Mr. Fred did not take us back to Mather Point. He took us to some less popular viewpoints. The people who named the view points did not have get too creative with their names. We visited sites along the Desert View Drive with names like Two Trees, Duck on a Rock and Grand View. Along the way, Mr. Fred provided us with many, many facts about the canyon and even had great ideas for ways to take our pictures—and he took some for us.
At the end of the tour, he took us by the Geographical Building where we were able to see a scaled map of the canyon and see a scaled model of both the South Rim and North Rim. I was amazed at how much time Mr. Fred took with us to help us understand the canyon better.
One good analogy he gave us was to help us understand how fast the water moves in the canyon. I think he said it moved 115,000 cubic feet (if you know me, you know I’m bad about remembering numbers!) of water per second moves on the Colorado River. One cubic foot is equal to about one basketball. That’s crazy!
After that, we took a quick tour of the Grand Canyon village where visitors can stay in a hotel designed by Teddy Rooselvet, the mule pens and the train station. We learned that there is a K-12 school in the park for children of the park employees. They just graduated 19 students!
Mr. Fred took us back to Geographic Center. Before we could exit the jeep, he gave the girls a Collectable Grand Canyon quarter.

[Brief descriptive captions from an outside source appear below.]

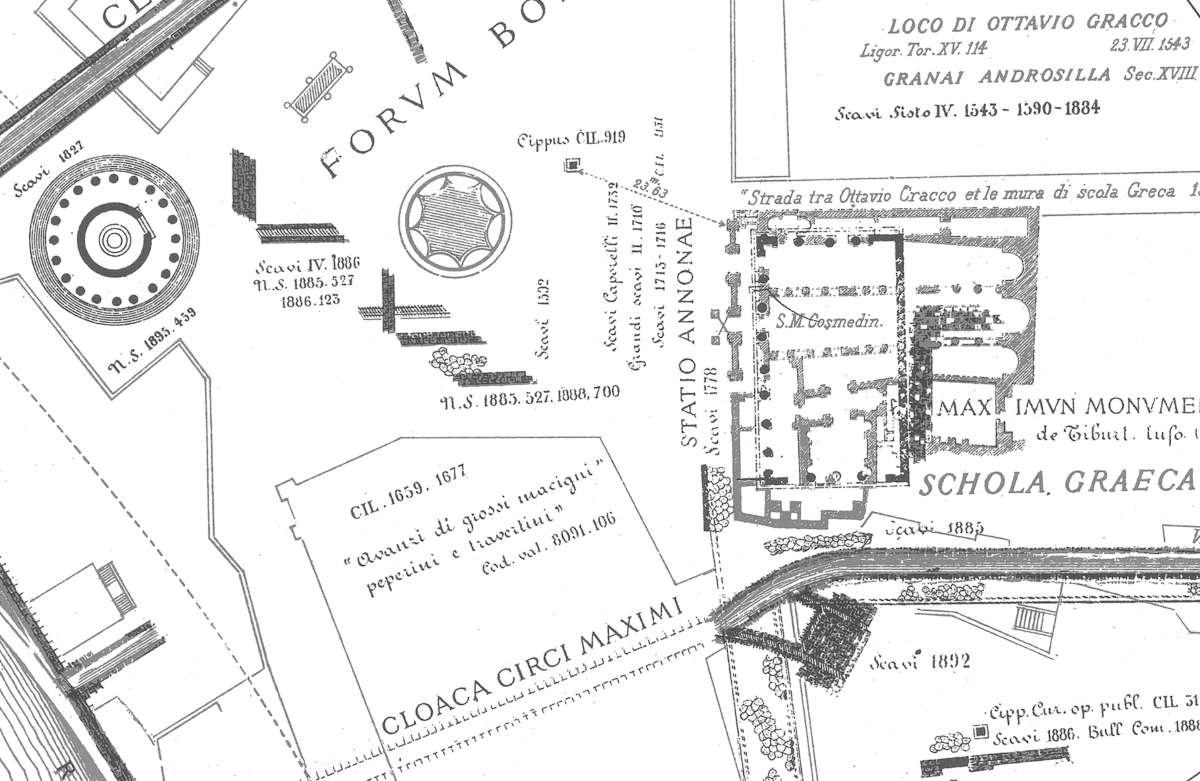 Abb. 107-MariainCosmedin_002.tif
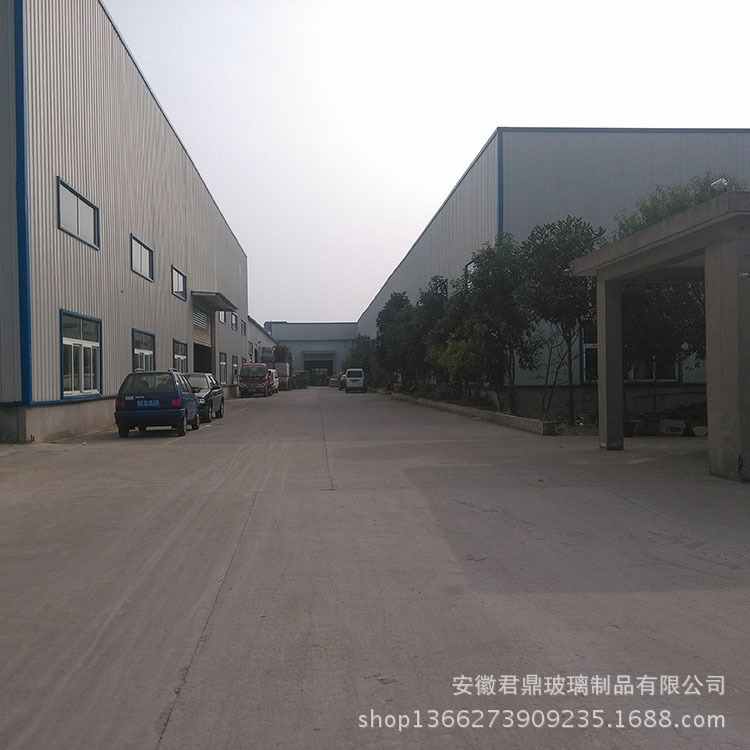 君鼎玻璃器皿加工 (7)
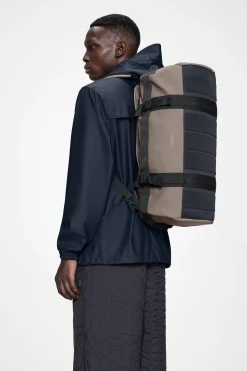 Texel Duffel Bag Small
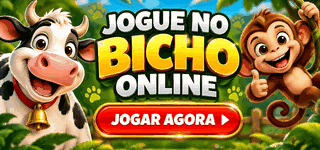 JOGAR AGORA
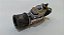 Tubo De Saída De Água Chevrolet S10 2.8 2001 A 2006 - Imagem 6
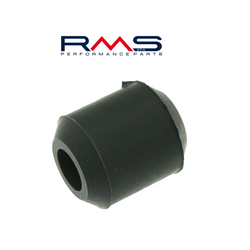 Guma Tylnego Silent Blocka Vespa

I had such a wonderful experience, better than I could have ever imagined, and this man was just so nice, I started crying—tears of joy. The Grand Canyon had that big of an effect on me.
Sunset at the Grand view
I forgot to mention the elk we saw in the park—too many to count. We also saw a Mountain Lion crossing sign. We really wanted to see a mountain lion, from a distance, but sadly, we did not. Mr. Fred said several mountain lions are killed by vehicles each year.
Our tour ended about 5:30, and the girls and I decided we could not leave without watching the sunset.
I do not know how anyone who visits the Grand Canyon can say that there is no God. I love the beach and beach sunsets, and here I feel God’s presence, but at the Grand Canyon, one cannot deny God’s handiwork. While we watched the sunset, all I could do was praise God over and over for his amazing creation.
I am sad that we only had one day planned to visit the Grand Canyon, but I will be back for a much longer visit.
On the Road again
So, we left the Grand Canyon about 8 pm and headed to Las Vegas. On the way, we watched the temperature soar to 108 degrees. Steve really wanted us to see the Hoover Dam; we drove right past it about midnight, but were unable to actually see it--and Claire was asleep.
As we came upon the city, we were overwhelmed with lights, and by the time we made it onto Las Vegas Boulevard, I was a bit disoriented. Imagine Times Square on steroids. Thanks to our good friend, Hu L., we had free accommodations at the Paris Hotel. We pulled right into the valet parking, walked right up to the front desk, got our room key and went straight to our room.
But our night was not over yet! We still had to take showers because the Grand Canyon was hot, and we were stinky! We finally fell asleep at about 1:30. If you know me at all, you know this is way past my bedtime! I wasn't sure what adventures the next day would hold for us, but with a good night's sleep I would be ready.